The microcontroller uses the previously mentioned W77E58. To ensure a high data transmission rate and facilitate communication with external serial devices (LCM display), an external crystal frequency of 33 MHz is used.
The USB Slave device employs the PDIUSBD12, using a modular approach to implement a USB interface. This design maps the IDE hard drive as a removable drive, thus achieving mass storage class functionality.
The RAM used is HY62WT08081E. This device provides 32KB of data space for data acquisition and caching for FAT32 file system operations.
The CAN bus interface device uses a combination of SJA1000 and TLE6250. The SJA1000 is a standalone CAN controller used for controller area networks in automotive and industrial environments, while the TLE6250 is a CAN transceiver designed for automotive environments.

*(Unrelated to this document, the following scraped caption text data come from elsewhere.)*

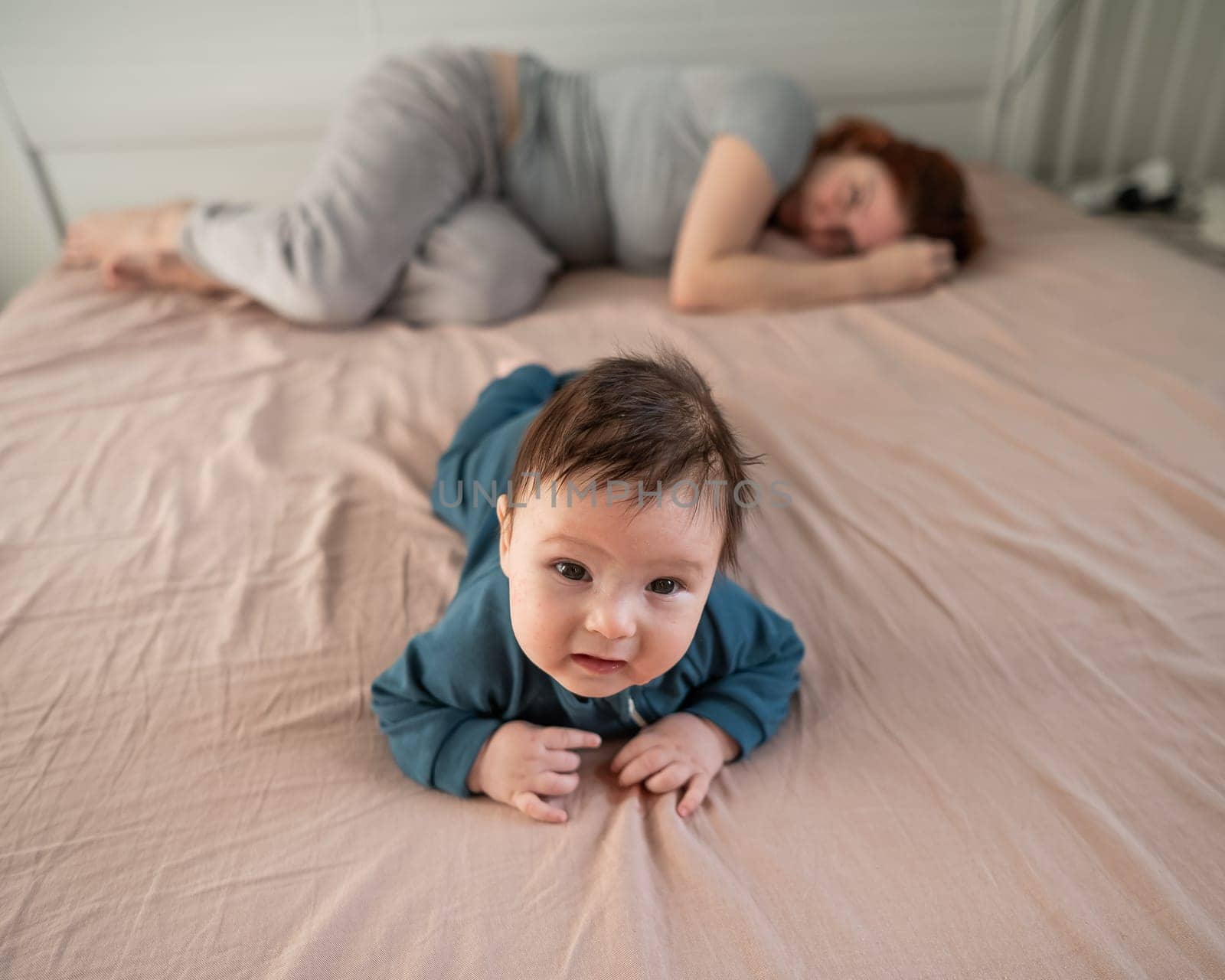 A three-month-old boy lies on his stomach on the bed and his mother sleeps behind him. Postpartum depression. by mrwed54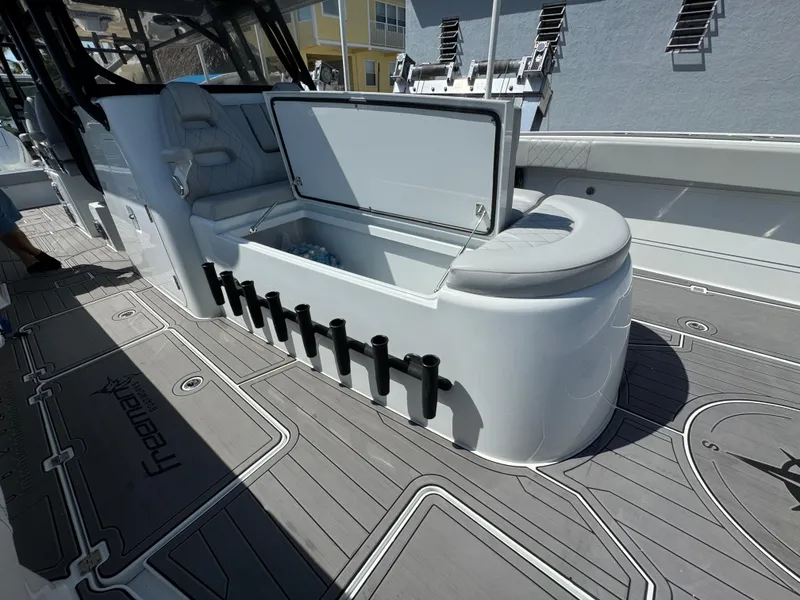 Slide: The Image of Freeman 47 boat interior with open storage compartment, rod holders, and cushioned seating, 2021 model. - 29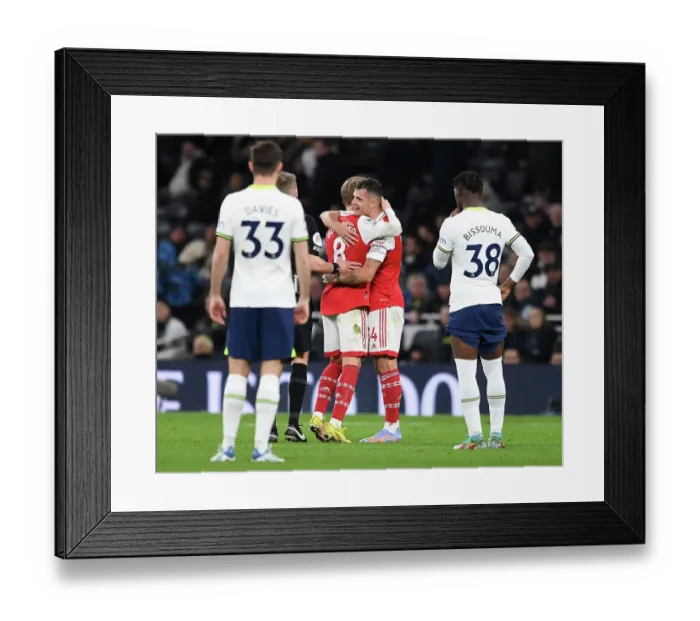 Framed Print : Arsenal's Martin Odegaard and Granit Xhaka in Action Against Tottenham Hotspur in the Premier League Framed Print : Arsenal's Martin Odegaard and Granit Xhaka in Action Against Tottenham Hotspur in the Premier League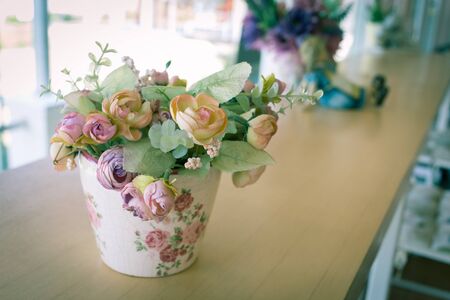 flowers vase decoupage decorated on wooden table at living room, artificial flowers in vaseの写真素材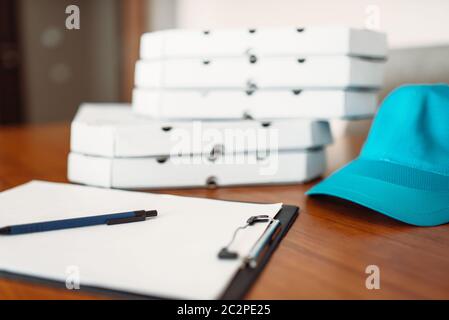 Carton pizza boxes, cap and empty order on table, top view. Pizza delivery business concept, fast delivering service Stock Photo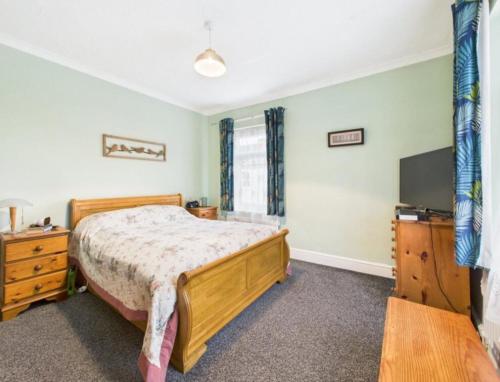 a bedroom with a bed and a flat screen tv at The Bishop Bolthole in Bishop Auckland
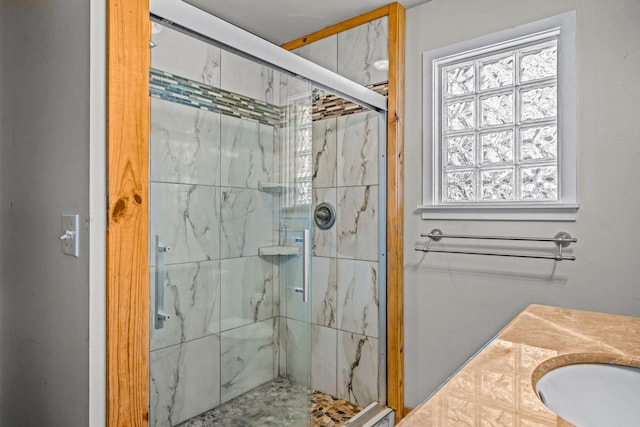 full bathroom featuring a marble finish shower and a sink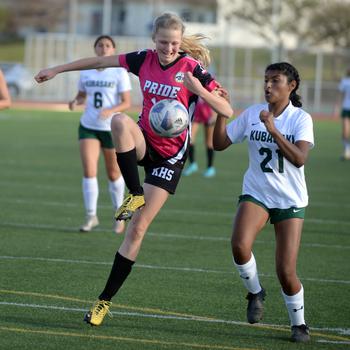 Kadena's Brooke Brewer tries to settle the ball against Kubasaki's Solares Solano during Wednesday's Okinawa girls soccer match. The Dragons won 1-0.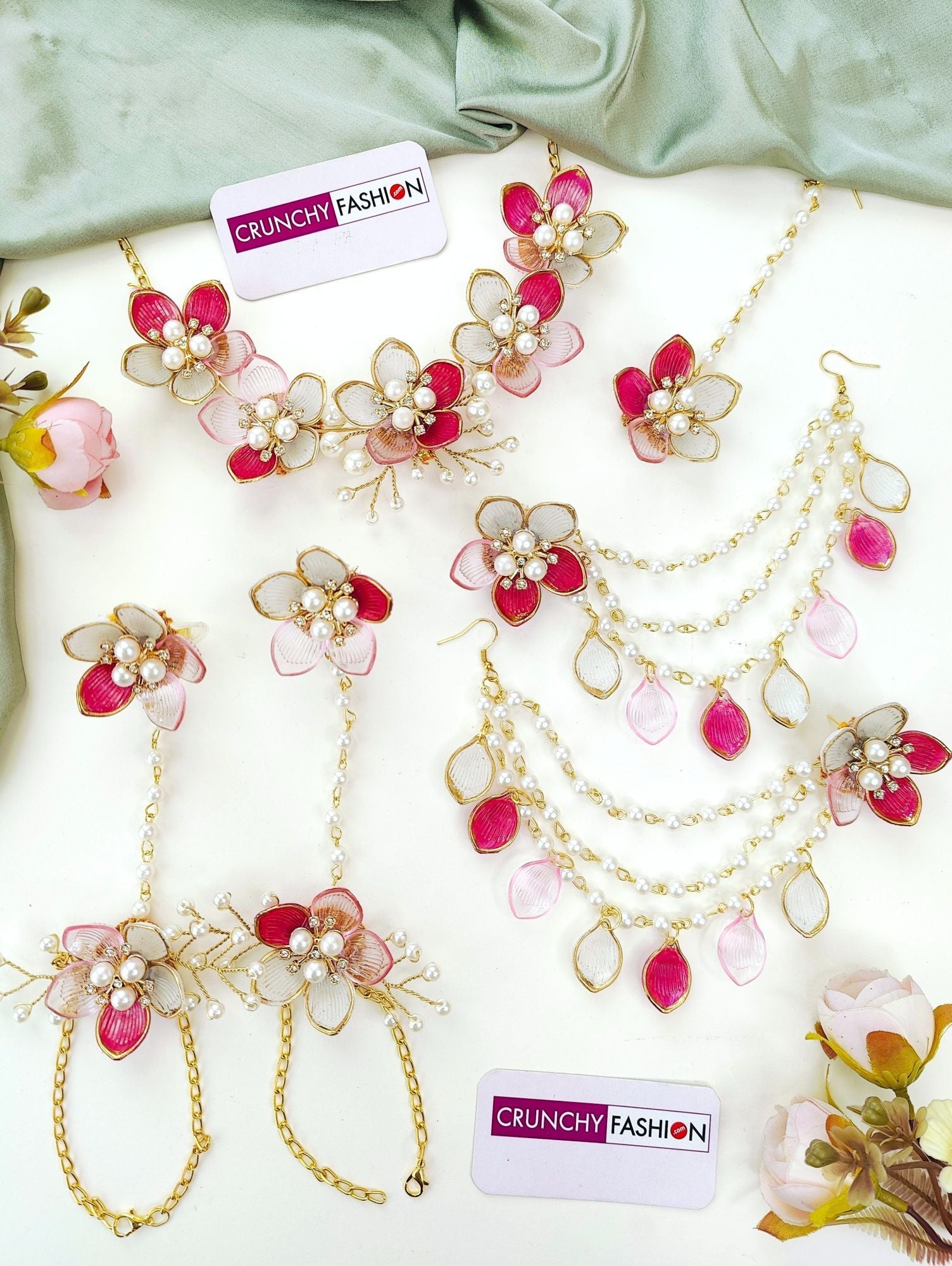Handcrafted green-pink floral resin bridal jewellery set with gold plating, ideal for haldi-mehndi ceremonies in 2025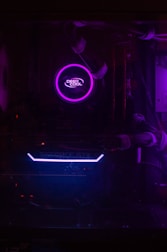 A dimly lit computer interior showcasing a purple LED-lit CPU cooler labeled 'Deep Cool' and a visible GeForce GTX graphics card with blue lighting. The components are encased within a dark chassis and connected with cables.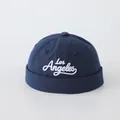 Close-up of Los Angeles white embroidery on the navy blue cotton baby docker hat - 50cm / Dark Blue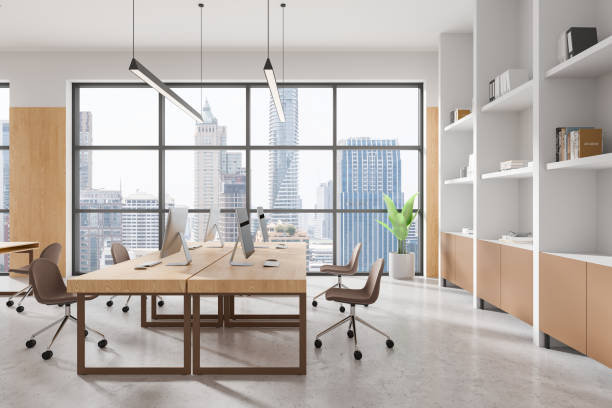 istock Modern open space office interior with wooden furniture and large windows overlooking a cityscape. 3D Rendering 2196144944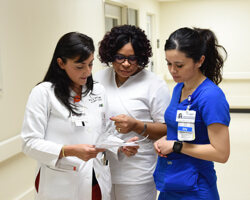 three health care professionals reading a note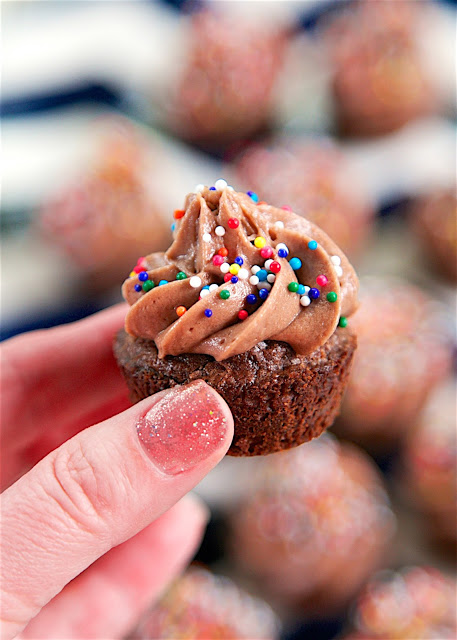 Brownie Batter Frosting - only 4 ingredients to the most AMAZING frosting! Great on brownie bites, cupcakes, cakes or a spoon!! Ready in about 5 minutes. Can refrigerate or freeze for later!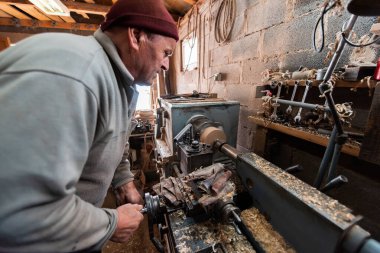 A senior man procesing wood on a lathe and making wooden dishes in the workshop. 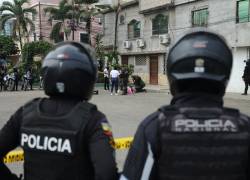 Fotografía de policías observando el cadáver de una víctima de asesinato, el 18 de julio de este año, en un parqueadero de la 4 etapa del El Recreo, en Durán.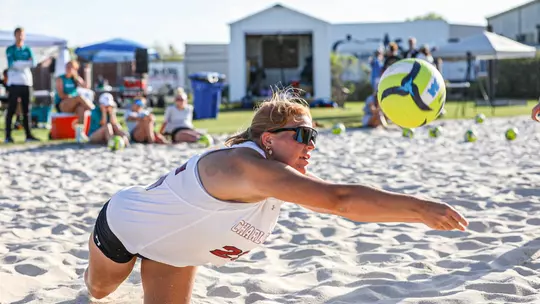 Ella Duffner dives for the ball in the sand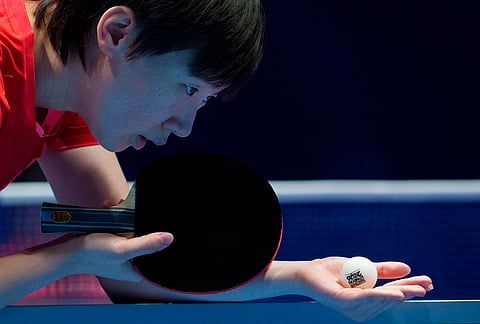 Manyu Wang of China serves against Miwa Harimoto of Japan in their Women's Final match during the World Team Table Tennis Championships in London.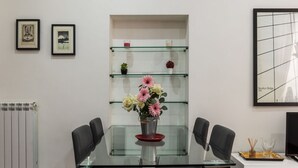 Ein moderner Essbereich mit einem Glastisch, schwarzen Stühlen, einer Blumenvase und einer Glasablage mit Dekoration.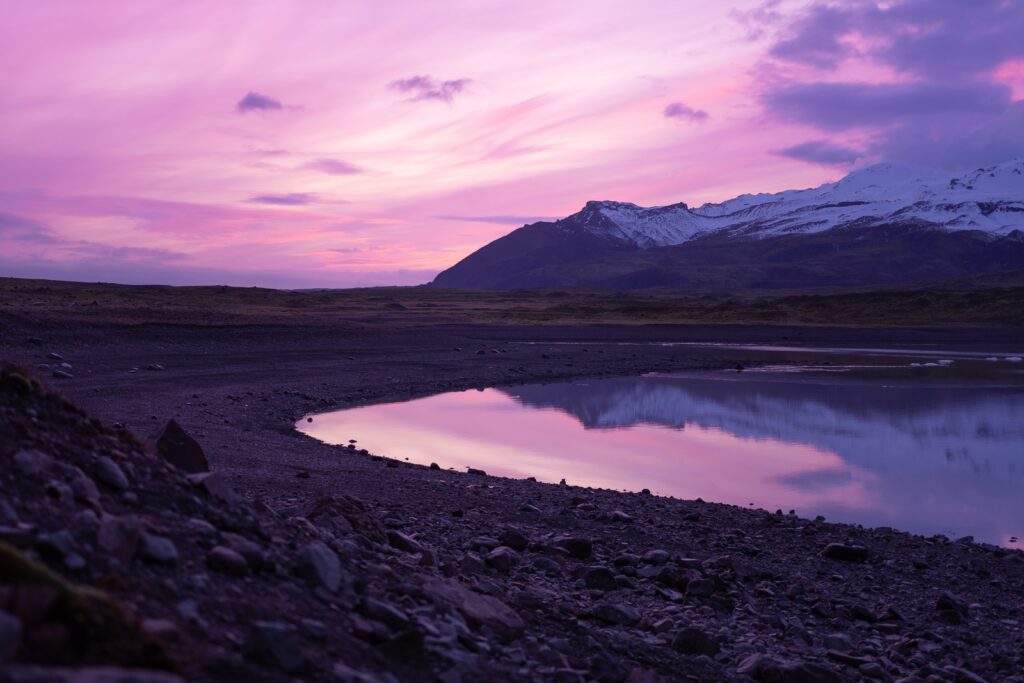 Serene mountain range and calm lake at sunset with purple pink sky and shoreline stones wallpaper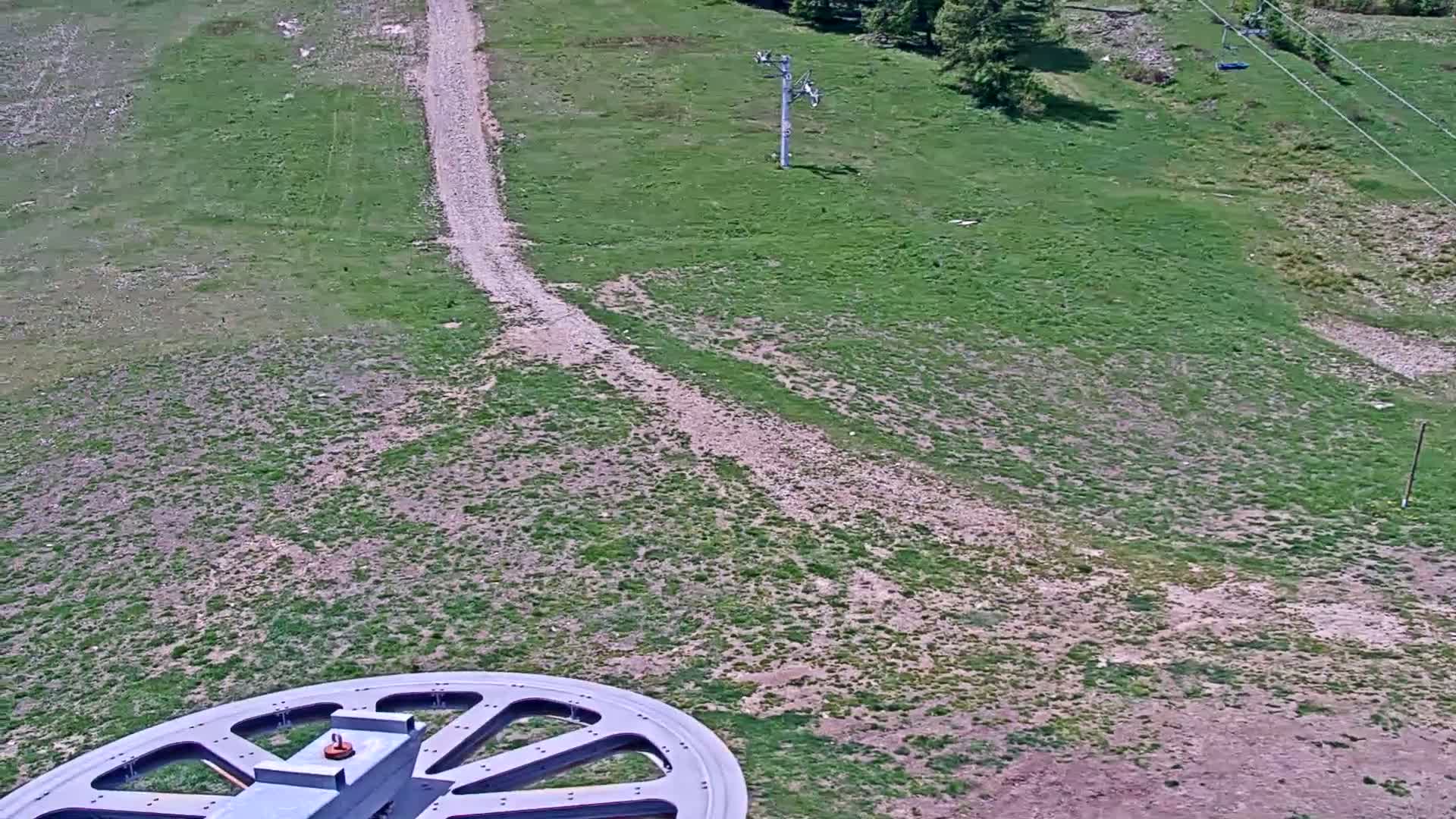 A large wheel is in the foreground, overlooking a grassy hillside with a dirt path and a ski lift in the distance on a sunny day.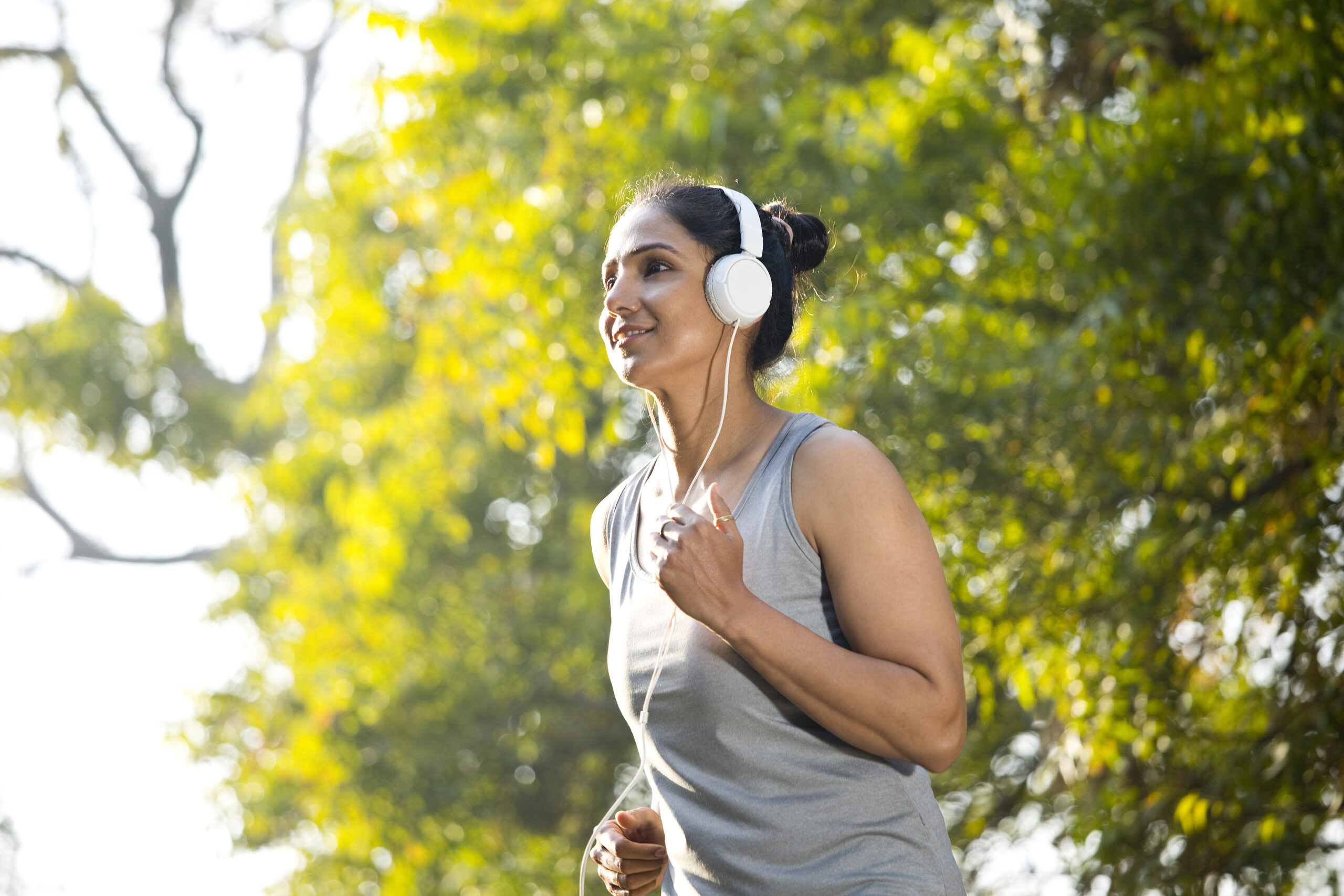 Fit woman in sportswear listening podcast on headphones while jogging at park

The IDE hard drive uses an industrial hard drive with shockproof treatment, but a CF card with IDE adapter can also be used.
Figure 6 presents a brief software flowchart for the onboard data acquisition system. Considering that data requests from the USB port and CAN bus generally do not occur simultaneously, the software operates in a polling manner, mainly including the following parts: main flow, USB protocol implementation [2], CAN bus data [3], and other vehicle status signal acquisition, as well as FAT32 protocol implementation.
4 Summary
This design implements a 16-bit external bus on an 8-bit microcontroller, enabling high-speed access to 16-bit devices while retaining the functionality of the original 8-bit bus. This coexistence of 8-bit and 16-bit buses significantly enhances data transmission rates compared to conventional port simulation bus methods. This 16-bit bus expansion method has been successfully applied in onboard data acquisition systems, where multiple systems have been installed for automotive road reliability testing. Test results indicate that the system is easy to use, stable, reliable, and has a high data transmission rate, fully meeting the needs for dynamic data acquisition in vehicles. This 16-bit bus expansion method can be applied to microcontrollers with an 8-bit external bus, thereby expanding the application range of such microcontrollers to a certain extent.